Good organizational culture is not a foosball table

Swaathi Kakarla
Swaathi Kakarla, Co-founder and Fellow
Good organizational culture is not a foosball table

The word “culture” gets thrown around quite a bit and can mean so many different things to managers, leaders and companies that it becomes easy to gloss over and deprioritize its importance in efficiency. When you’re a startup founder, a tech startup founder, your company is your people. While other businesses sell bottles and cans, you sell a vision, you sell creativity, something intangible which is a direct reflection of your people’s values.

And let’s get something straight - culture is NOT foosball tables, bean bags or the yearly Ayudha pooja where everyone awkwardly grabs a sweetbox. Well at least, it’s not just.
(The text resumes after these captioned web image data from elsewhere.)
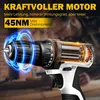 OKWISH Akkuschrauber, Akku Bohrschrauber Set, Produktbild-Vorschau 7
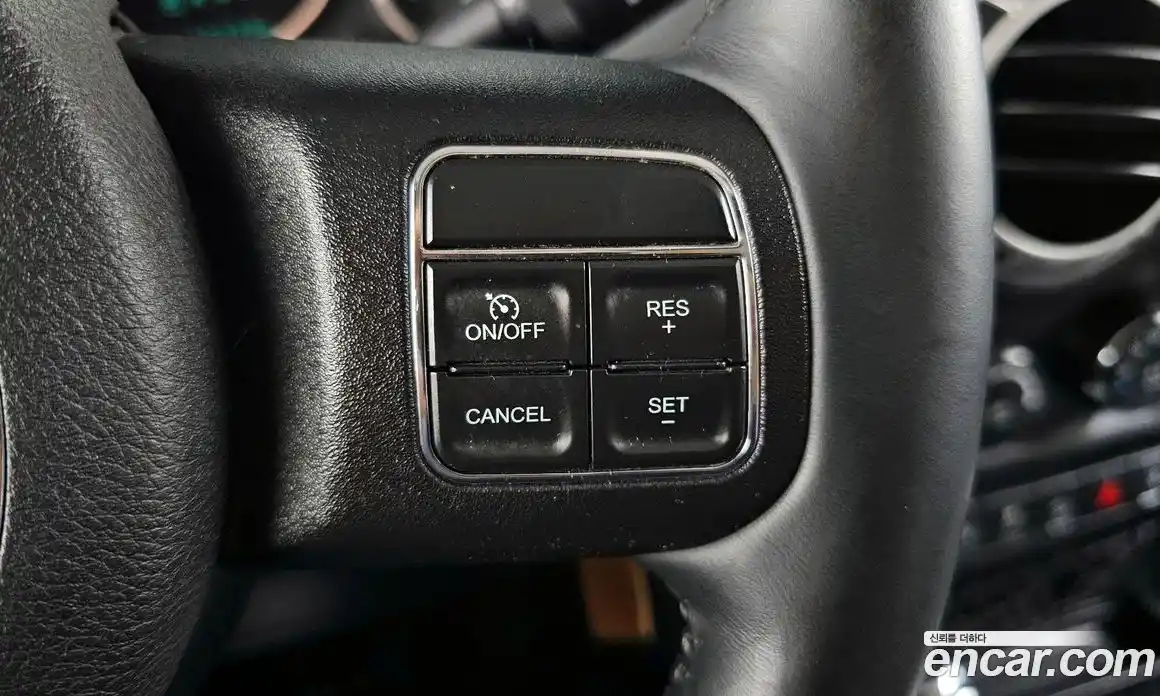 Jeep Wrangler 2017 3.6 гидро в Москве № 1838396, фото 16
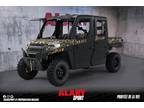 2024 Polaris RANGER CREW XP 1000 ÉDITION NORTHSTAR ULTIMATE ATV for Sale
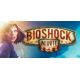 BioShock Infinite (MAC) - Platforma Steam cd-key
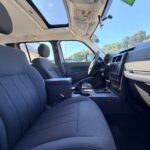 2012 Jeep Liberty Sport &mdash; photo 8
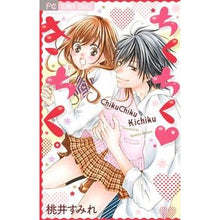画像をギャラリービューアに読み込む, ちくちく・きちく。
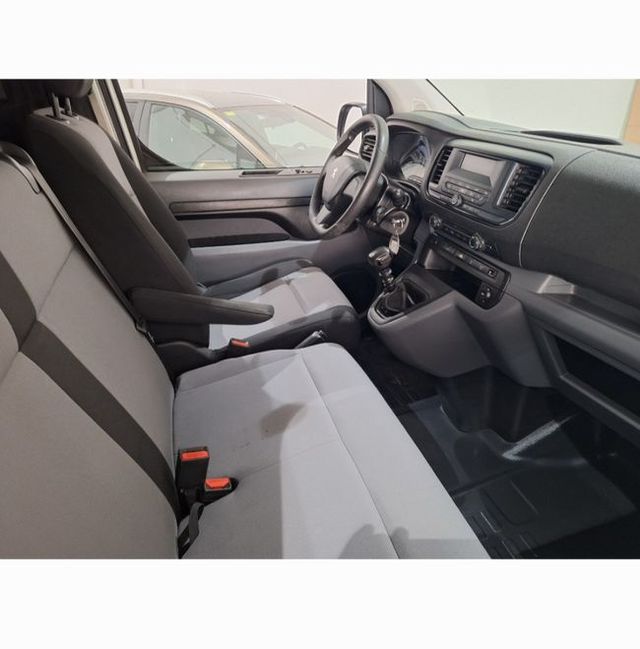 Peugeot Expert Active Compact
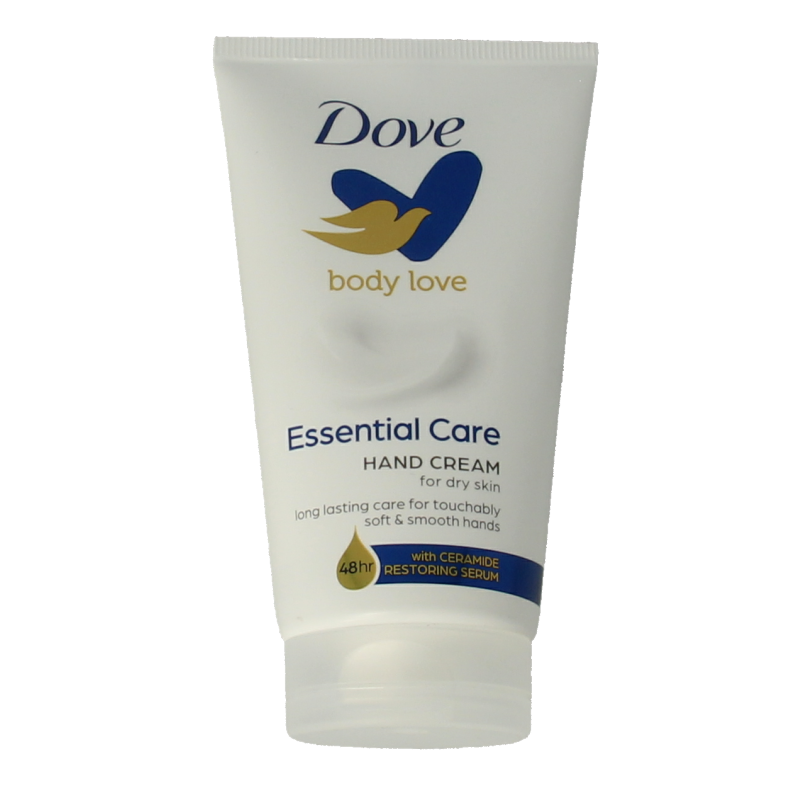 Dove Handcreme essential care 75 Milliliter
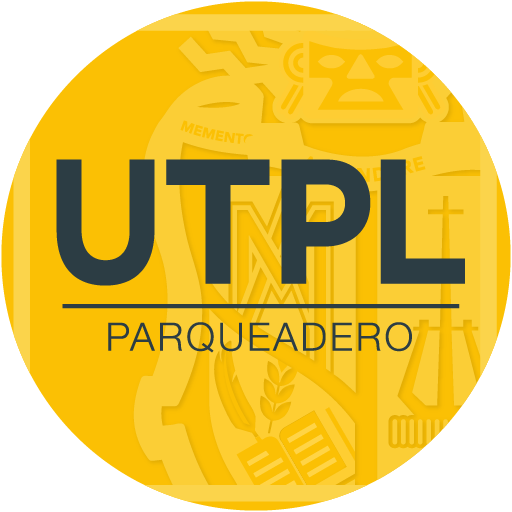 UTPL Parqueaderos 1.2.1 Icon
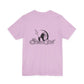 Butterfly Pop Art Tee — "High As" Graphic T-Shirt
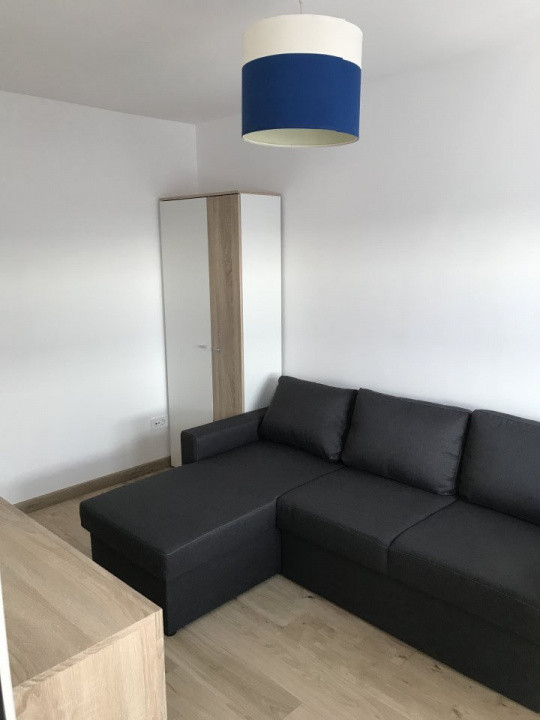 Garsoniera | Drumul Taberei - Crinul de Padure | Boiler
Culture is what makes people feel good about where they work. Culture is what makes work “fun.” Culture is why people want to get things done and not punch a timecard. Culture makes people want to stay and be part of something bigger. Culture makes a team that succeeds.

Culture is a driving force behind how teams and individuals operate and become successful.

A great organizational culture acts like your north star. It’s what guides your people everyday and especially, in times of conflict. It is your identity.

Building Culture

If you want to change the way of being, you have to change the way of doing.

Change begins with you. Especially if you’re the founder. Building great culture starts with inspiring people to build along with you.

According to Bain & Co there are 33 traits of an inspiring leader. These are divided into four areas: developing inner resources, connecting with others, setting the tone, and leading the team. Stress tolerance, self-regard, and optimism help leaders develop inner resources. Vitality, humility, and empathy help leaders connect. Openness, unselfishness, and responsibility help set the tone. Vision, focus, servanthood, and sponsorship help them lead.

A study conducted by the Harvard Business Review found that you only need to be exceptional in one of the traits to double your chances of being an inspirational leader.

However, there is one trait that trumps them all: centeredness. The study found that most inspirational leaders are calm under pressure, empathize, listen deeply, and remain present.

Culture At Skcript

We like to pride ourselves on the amazing culture we’ve built at Skcript. We treat each other well, don’t have any sort of strict hierarchy, and we absolutely don’t turn on each other.

This obviously didn’t happen in a day. There were a lot of learnings involved and some mistakes made. However today, we enjoy coming into work every day.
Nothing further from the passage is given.